At the start of 2014, most industry experts and insiders agreed that based on the metrics they had at the time, interest rates and therefore mortgage rates would be going up in 2014.
And yet now five months into the year, mortgage rates continue to defy analyst expectations.
At the start of the year, the Mortgage Bankers Association projected interest rates on the 10-year Treasury yield to go from 3% in the first quarter of 2014 to 3.3% by fourth quarter of 2014, averaging 3.2% for the year, and then creeping up to 3.5% by the last two quarters 2015, averaging 3.4% for 2015.
MBA projected that 30-year fixed mortgage rates will go from 4.7% in the first quarter 2014 to 5.1% by the end of the year, and continuing a slow rise to 5.3% by the end of 2015.
Last week, Freddie Mac reported that mortgage rates dropped for the fourth time in five weeks, reaching an all-time low of 4.21% on a 30-year fixed, the lowest its been since November 2013. This is from the high point in January where rates flirted with 4.75%.
This is a boon for homebuyers, but what does it mean for the industry, and where will interest rates go?
1) You Can’t Fake a Recovery
Everyone likes positive spin, but no amount of Pollyanna press releases can change the fundamentals.
Job growth continues to disappoint, affordability remains an issue, and sales of almost all single-family home types are weak.
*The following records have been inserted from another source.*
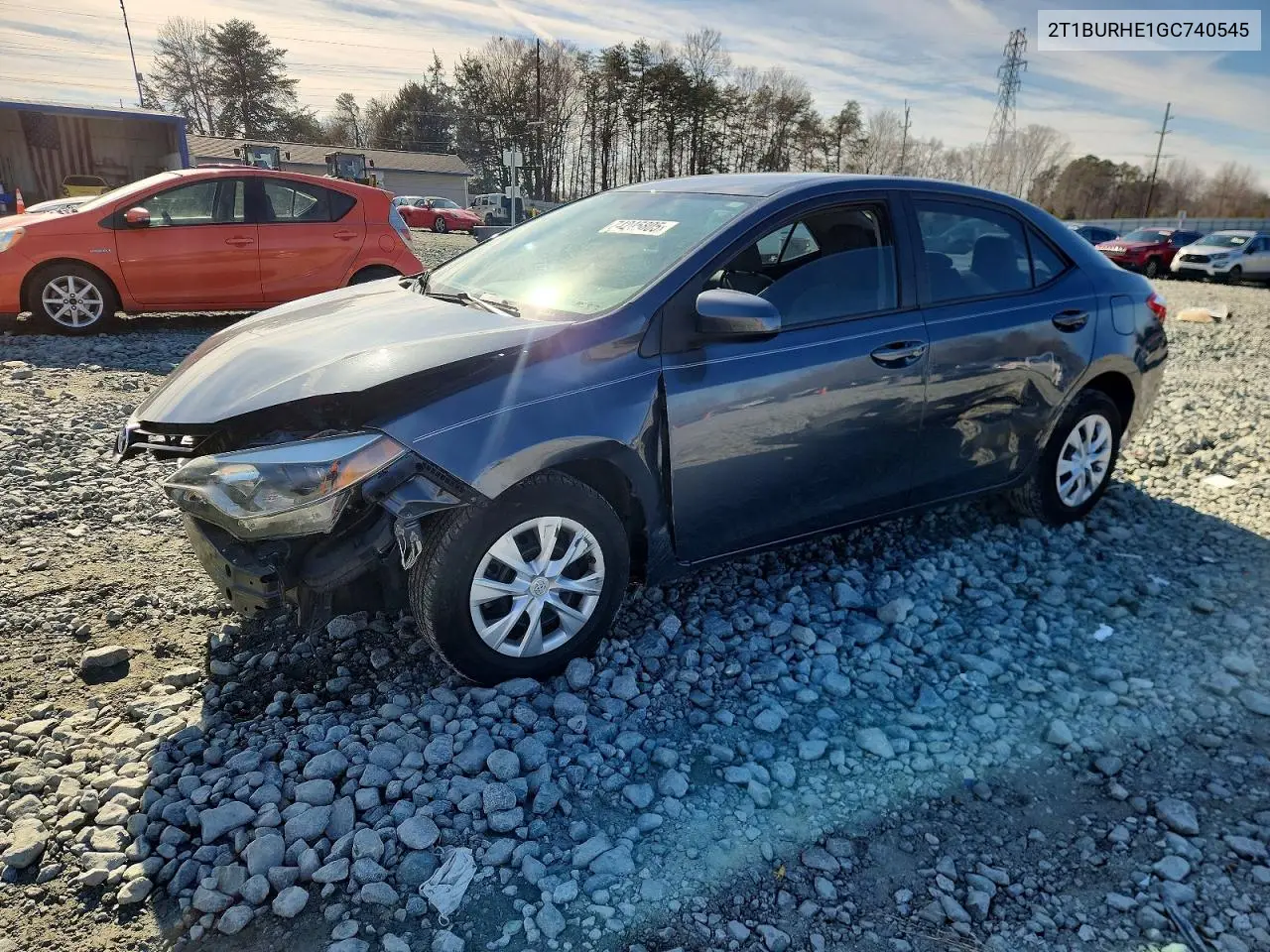 2016 Toyota Corolla L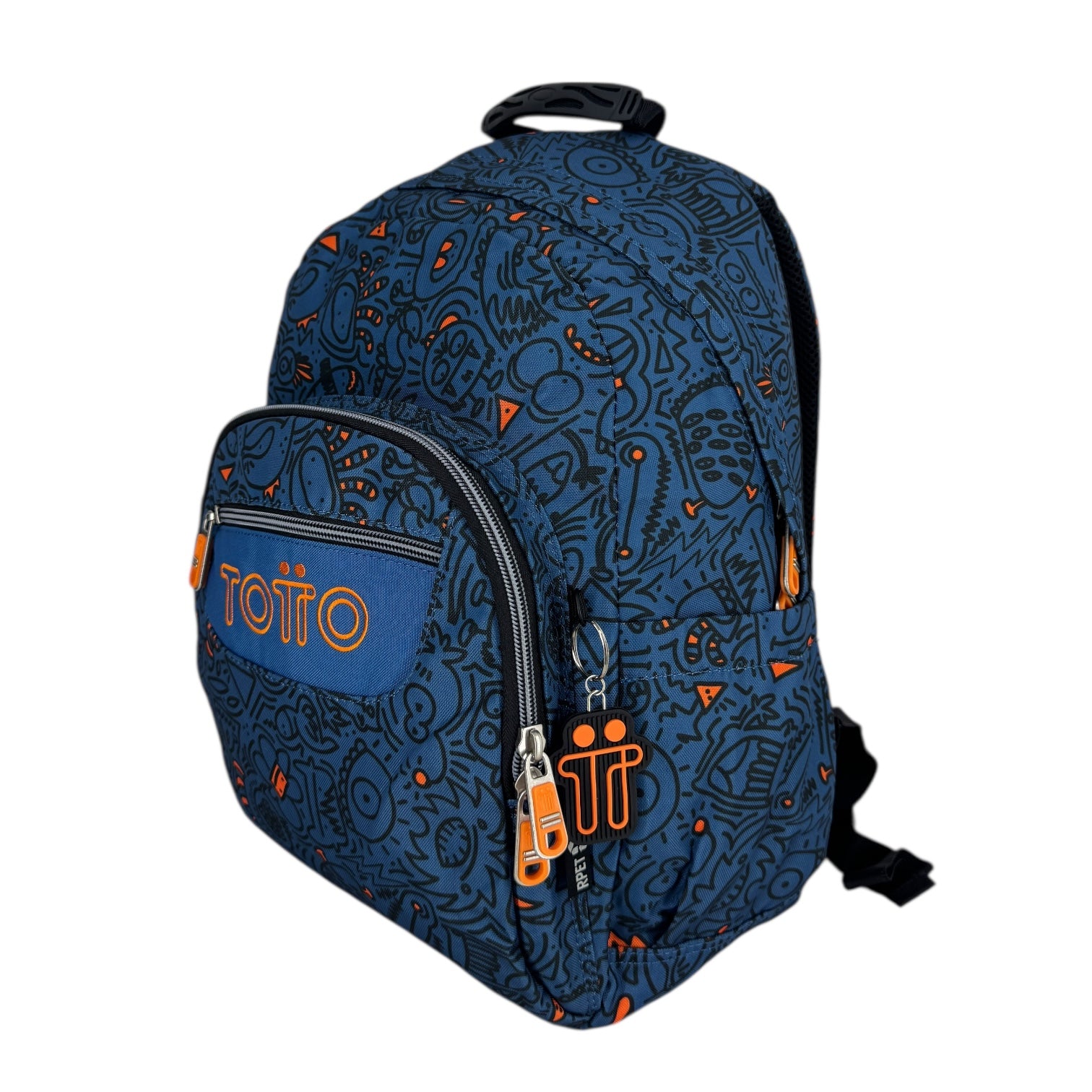 Morral Totto Mediano Gommas 5L4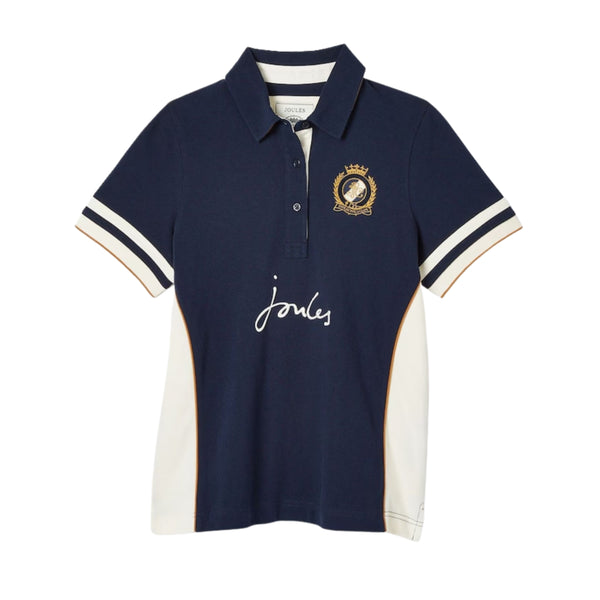 Joules Ladies Beaufort Polo - Navy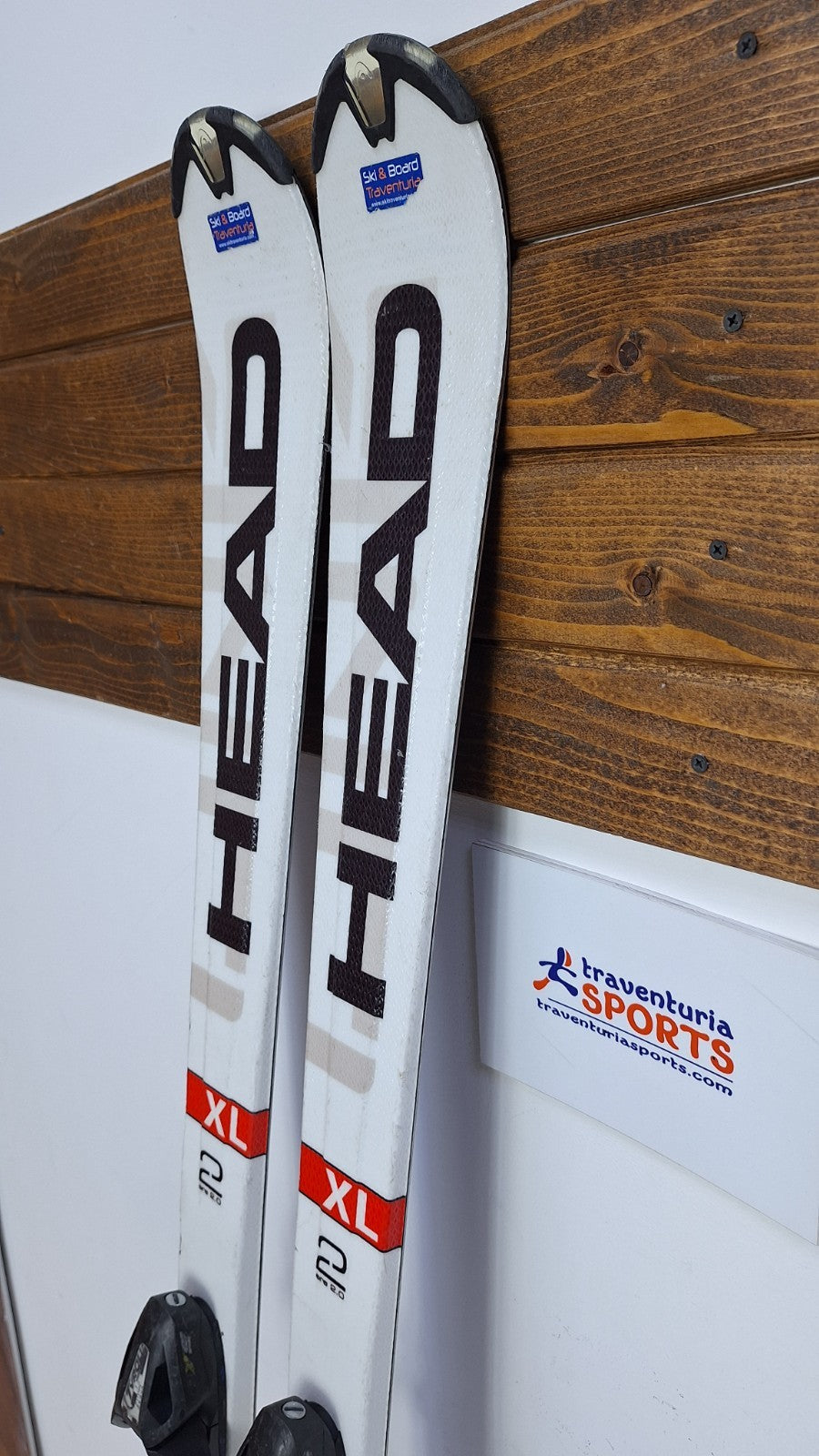 HEAD The Link R Track 170 cm Ski + Tyrolia BYS 10 Bindungen Winterschneespaß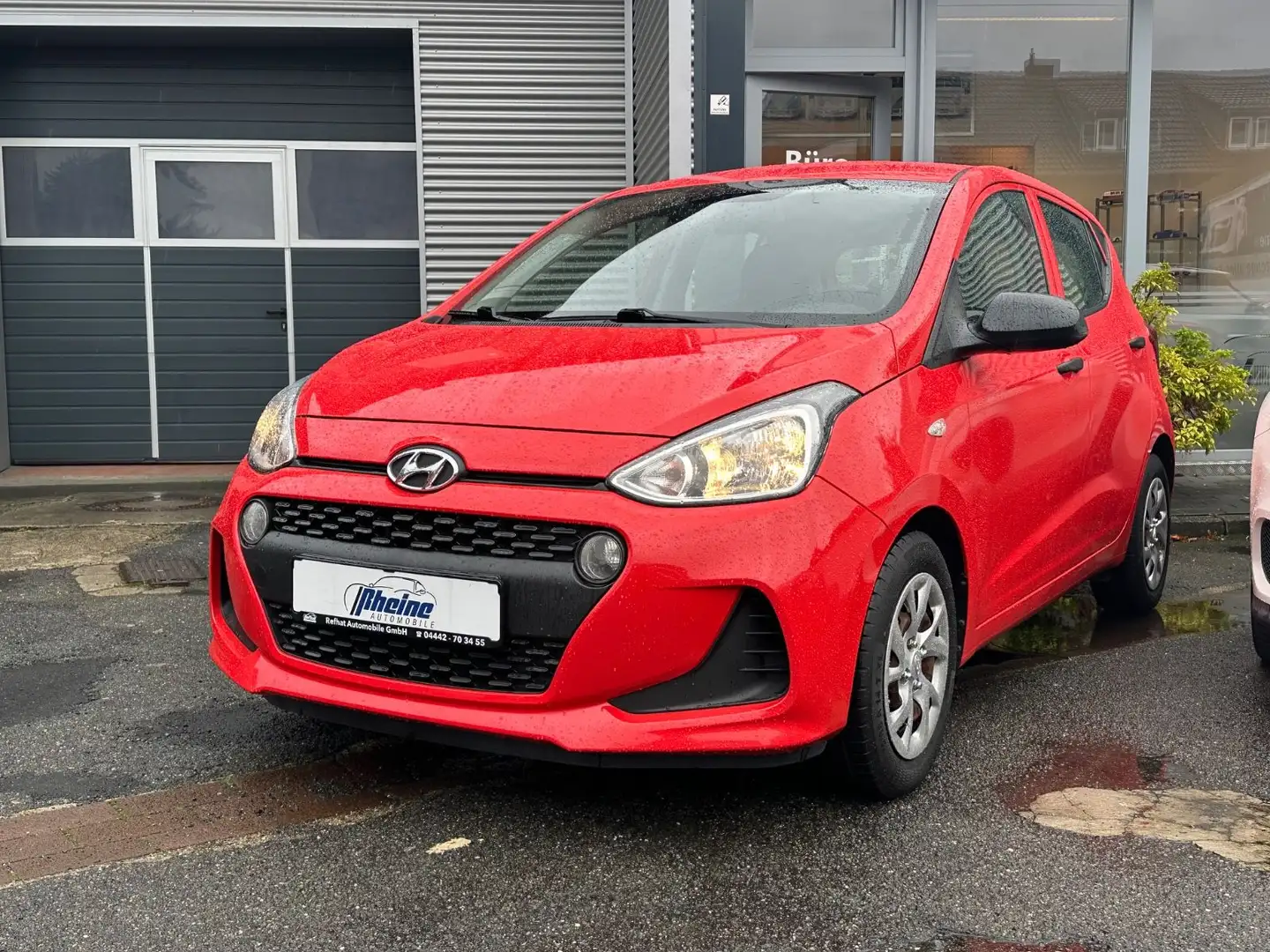 Hyundai i10 Classic Rot - 2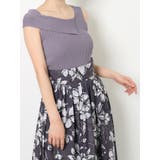 パープル | 3WAYアシメチェンジリブコンパクトニット | MERCURYDUO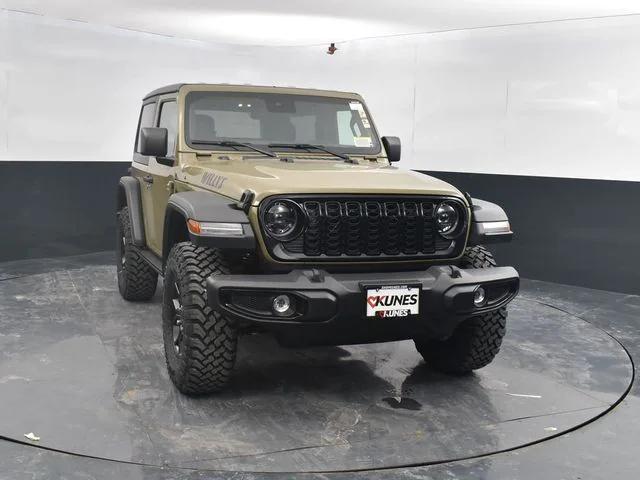 2025 Jeep Wrangler WRANGLER 2-DOOR WILLYS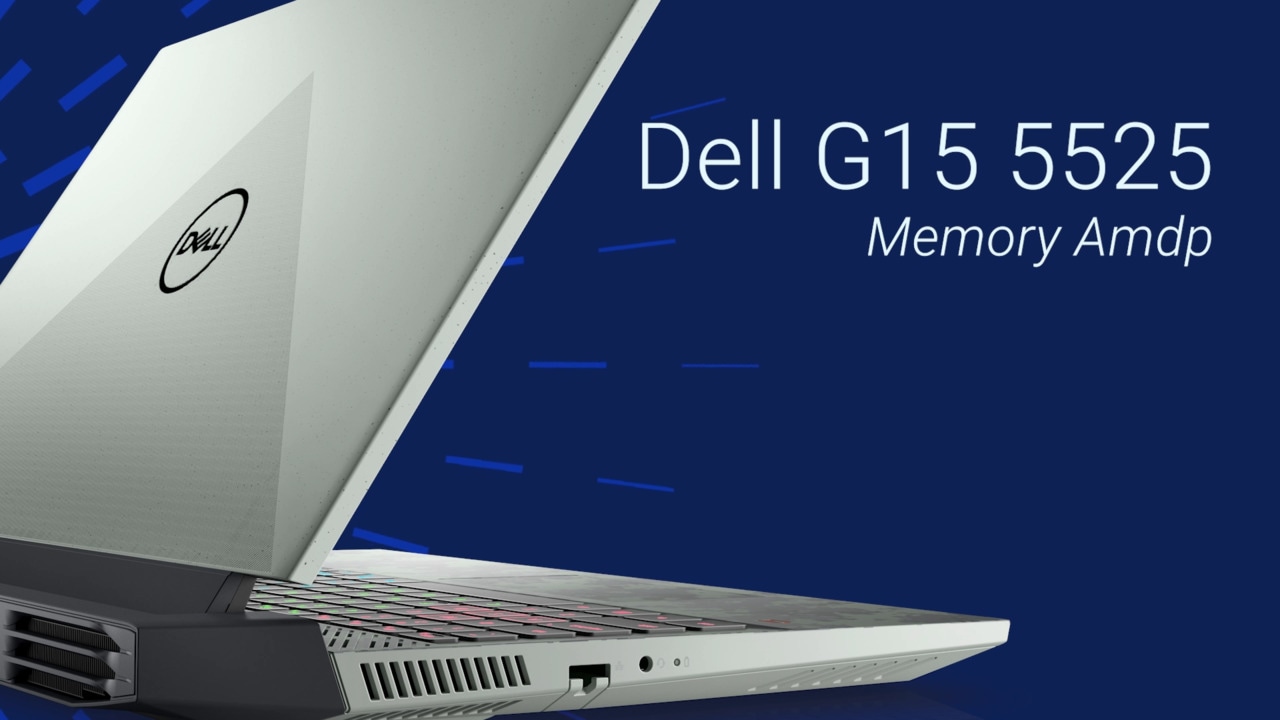 How to Replace the AMD Memory on G15 5525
Mortgage applications are slow. Wage stagnation remain challenges for both housing and for the economy in general.
Because of this, mortgage bonds in demand, which helps to move mortgage rates lower.
2) Lack of Inflation
Rising inflation deflates the demand for mortgage bonds. Prices drop and rates move higher. But since there’s been almost no inflation, demand for bonds means mortgage rates sink.
3) The Taper Will Continue Until Morale Improves
Fed Chair Janet Yellen is committed to the taper. Unwinding the Federal Reserve from buying tens of billions of Treasurys and bonds every month continues apace.
Just last week Yellen told both houses of Congress that the central bank will continue the tapering, with the end of quantitative easing by the fall of 2014, barring any wild changes.